Data section =>
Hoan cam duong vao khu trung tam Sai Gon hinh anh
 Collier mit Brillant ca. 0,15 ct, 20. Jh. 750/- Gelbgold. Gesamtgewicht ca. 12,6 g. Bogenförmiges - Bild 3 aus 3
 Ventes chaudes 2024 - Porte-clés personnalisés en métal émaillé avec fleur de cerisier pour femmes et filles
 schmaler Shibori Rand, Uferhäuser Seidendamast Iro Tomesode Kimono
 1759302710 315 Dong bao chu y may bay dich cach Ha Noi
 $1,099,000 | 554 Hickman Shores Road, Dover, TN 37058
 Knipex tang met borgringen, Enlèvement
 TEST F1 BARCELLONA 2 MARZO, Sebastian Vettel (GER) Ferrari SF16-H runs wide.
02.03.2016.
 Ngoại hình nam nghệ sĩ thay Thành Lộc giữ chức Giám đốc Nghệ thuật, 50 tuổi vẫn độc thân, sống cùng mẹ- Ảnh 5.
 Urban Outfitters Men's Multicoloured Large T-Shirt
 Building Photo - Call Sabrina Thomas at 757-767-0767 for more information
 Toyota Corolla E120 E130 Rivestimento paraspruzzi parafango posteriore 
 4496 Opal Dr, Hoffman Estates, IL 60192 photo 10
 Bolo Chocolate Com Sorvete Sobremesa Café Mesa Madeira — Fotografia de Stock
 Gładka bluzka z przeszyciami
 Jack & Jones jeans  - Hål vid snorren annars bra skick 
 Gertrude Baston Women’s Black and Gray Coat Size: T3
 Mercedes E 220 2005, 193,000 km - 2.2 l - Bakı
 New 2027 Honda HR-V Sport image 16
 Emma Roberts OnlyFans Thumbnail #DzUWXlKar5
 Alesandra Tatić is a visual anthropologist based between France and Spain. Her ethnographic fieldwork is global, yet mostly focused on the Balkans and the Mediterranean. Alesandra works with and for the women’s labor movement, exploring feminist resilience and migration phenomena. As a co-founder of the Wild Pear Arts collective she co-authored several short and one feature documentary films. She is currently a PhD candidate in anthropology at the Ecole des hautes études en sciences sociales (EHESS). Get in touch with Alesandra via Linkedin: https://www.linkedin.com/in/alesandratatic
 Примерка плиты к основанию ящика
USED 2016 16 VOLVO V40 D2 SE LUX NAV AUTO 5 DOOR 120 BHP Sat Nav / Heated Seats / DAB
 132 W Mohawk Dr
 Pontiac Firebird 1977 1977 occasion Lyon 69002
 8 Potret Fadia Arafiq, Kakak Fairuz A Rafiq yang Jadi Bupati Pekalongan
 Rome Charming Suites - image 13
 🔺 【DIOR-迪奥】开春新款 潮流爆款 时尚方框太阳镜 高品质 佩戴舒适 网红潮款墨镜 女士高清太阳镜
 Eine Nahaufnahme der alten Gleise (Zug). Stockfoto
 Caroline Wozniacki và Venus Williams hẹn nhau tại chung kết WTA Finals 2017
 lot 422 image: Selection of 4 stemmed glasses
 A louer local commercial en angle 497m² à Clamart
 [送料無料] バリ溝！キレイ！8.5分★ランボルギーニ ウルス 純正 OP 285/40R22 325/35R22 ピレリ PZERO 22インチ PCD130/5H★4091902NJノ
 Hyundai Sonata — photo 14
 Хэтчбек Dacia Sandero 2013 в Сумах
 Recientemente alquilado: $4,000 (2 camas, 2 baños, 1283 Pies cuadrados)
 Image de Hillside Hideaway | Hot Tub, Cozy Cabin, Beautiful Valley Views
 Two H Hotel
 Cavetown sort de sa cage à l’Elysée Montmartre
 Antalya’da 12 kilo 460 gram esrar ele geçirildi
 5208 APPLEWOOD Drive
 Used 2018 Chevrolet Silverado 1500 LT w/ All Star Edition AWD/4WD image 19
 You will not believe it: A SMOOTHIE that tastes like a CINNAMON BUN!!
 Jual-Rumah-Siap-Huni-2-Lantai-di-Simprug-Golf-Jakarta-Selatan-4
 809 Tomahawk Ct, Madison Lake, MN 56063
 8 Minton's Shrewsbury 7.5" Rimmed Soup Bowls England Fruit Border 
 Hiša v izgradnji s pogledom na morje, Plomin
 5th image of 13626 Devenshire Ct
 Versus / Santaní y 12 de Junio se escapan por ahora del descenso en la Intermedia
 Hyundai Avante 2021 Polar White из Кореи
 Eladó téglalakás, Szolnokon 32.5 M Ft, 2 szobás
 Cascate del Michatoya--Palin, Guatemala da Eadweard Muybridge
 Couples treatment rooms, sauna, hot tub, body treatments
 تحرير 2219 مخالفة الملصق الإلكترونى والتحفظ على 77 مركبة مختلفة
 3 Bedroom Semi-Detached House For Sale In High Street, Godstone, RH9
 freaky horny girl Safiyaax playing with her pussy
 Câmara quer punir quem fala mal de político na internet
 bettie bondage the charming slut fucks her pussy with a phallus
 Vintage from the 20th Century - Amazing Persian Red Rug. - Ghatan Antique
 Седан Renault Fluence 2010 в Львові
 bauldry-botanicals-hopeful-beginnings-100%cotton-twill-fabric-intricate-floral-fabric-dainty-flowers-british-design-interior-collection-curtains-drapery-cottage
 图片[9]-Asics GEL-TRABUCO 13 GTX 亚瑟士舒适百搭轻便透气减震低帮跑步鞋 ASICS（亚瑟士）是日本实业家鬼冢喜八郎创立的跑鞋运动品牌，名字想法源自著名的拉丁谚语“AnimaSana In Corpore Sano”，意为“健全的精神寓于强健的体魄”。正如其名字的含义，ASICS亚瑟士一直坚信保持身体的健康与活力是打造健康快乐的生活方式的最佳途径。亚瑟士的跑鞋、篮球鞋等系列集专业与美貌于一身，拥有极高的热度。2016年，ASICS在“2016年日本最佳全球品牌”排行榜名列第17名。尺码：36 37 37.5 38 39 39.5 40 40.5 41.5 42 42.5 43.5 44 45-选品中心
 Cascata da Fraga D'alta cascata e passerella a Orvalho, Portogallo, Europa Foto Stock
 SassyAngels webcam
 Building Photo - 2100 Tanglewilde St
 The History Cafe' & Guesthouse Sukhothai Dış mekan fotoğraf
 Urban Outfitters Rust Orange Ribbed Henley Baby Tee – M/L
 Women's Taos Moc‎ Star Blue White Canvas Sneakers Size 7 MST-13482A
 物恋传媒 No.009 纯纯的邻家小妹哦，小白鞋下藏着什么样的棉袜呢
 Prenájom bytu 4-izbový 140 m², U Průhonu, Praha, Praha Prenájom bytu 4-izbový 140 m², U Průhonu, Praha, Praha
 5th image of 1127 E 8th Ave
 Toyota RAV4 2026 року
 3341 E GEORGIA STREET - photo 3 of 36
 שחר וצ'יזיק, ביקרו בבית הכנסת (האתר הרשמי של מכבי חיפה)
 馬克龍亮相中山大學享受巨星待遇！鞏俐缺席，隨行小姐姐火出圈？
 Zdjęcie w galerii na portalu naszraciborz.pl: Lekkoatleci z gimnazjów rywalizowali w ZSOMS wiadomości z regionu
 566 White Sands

Work to complete =>
State the count of lines above containing the string "with", and add nothing to it.

Result for this exercise =>
3